**PROBLEM REQUIREMENTS:** Would you copy the entries that follow exactly, leaving out every picture?

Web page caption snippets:
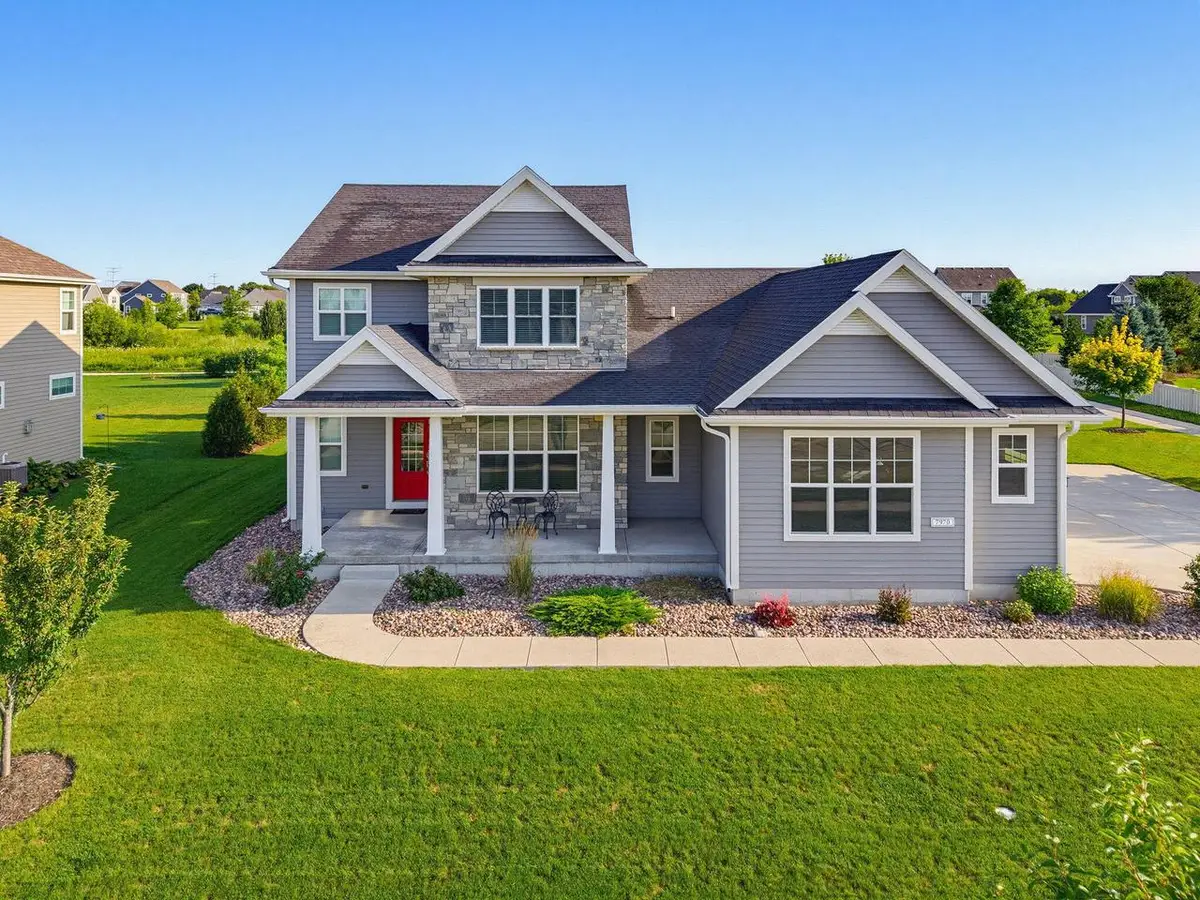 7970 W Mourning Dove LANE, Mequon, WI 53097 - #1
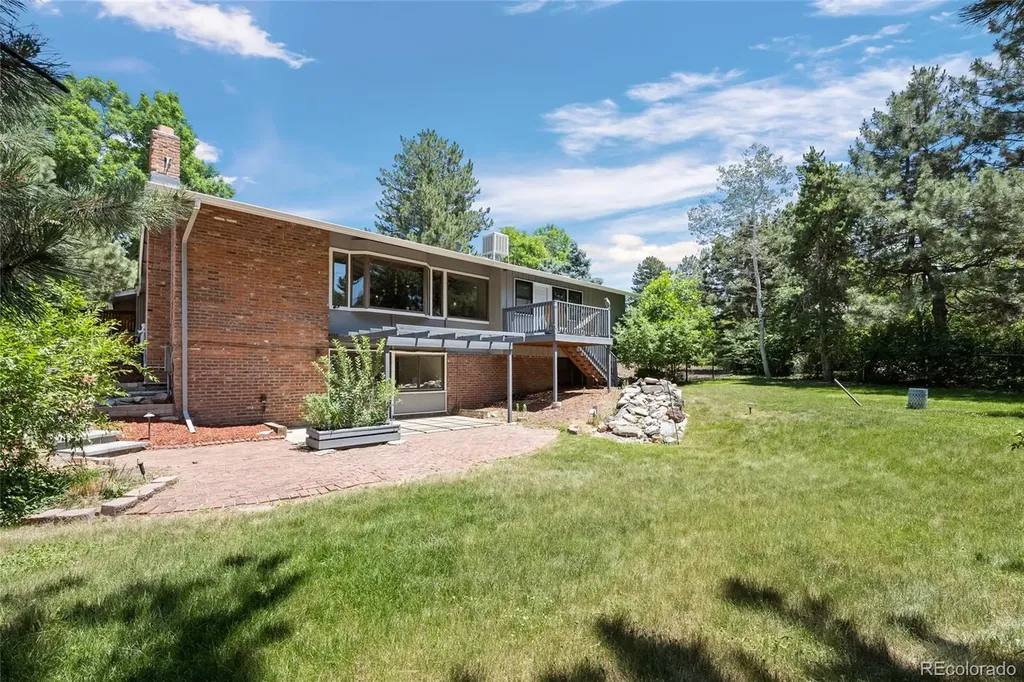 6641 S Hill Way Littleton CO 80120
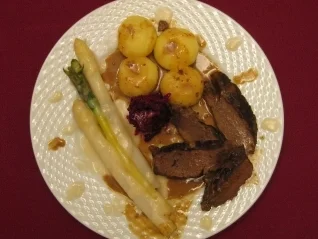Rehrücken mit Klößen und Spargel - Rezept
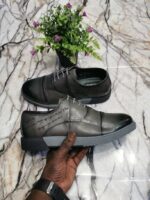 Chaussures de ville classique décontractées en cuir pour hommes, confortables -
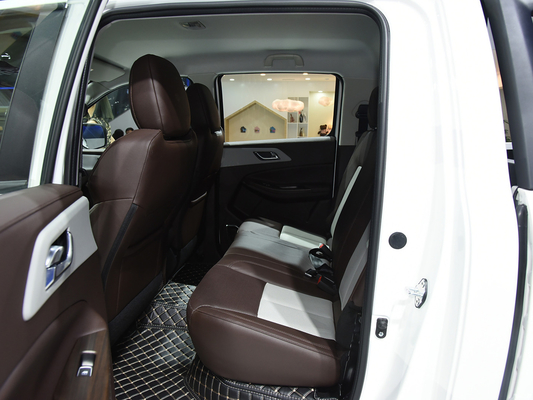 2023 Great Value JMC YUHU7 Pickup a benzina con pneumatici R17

**EXERCISE SOLUTION:**
 7970 W Mourning Dove LANE, Mequon, WI 53097 - #1
 6641 S Hill Way Littleton CO 80120
Rehrücken mit Klößen und Spargel - Rezept
 Chaussures de ville classique décontractées en cuir pour hommes, confortables -
 2023 Great Value JMC YUHU7 Pickup a benzina con pneumatici R17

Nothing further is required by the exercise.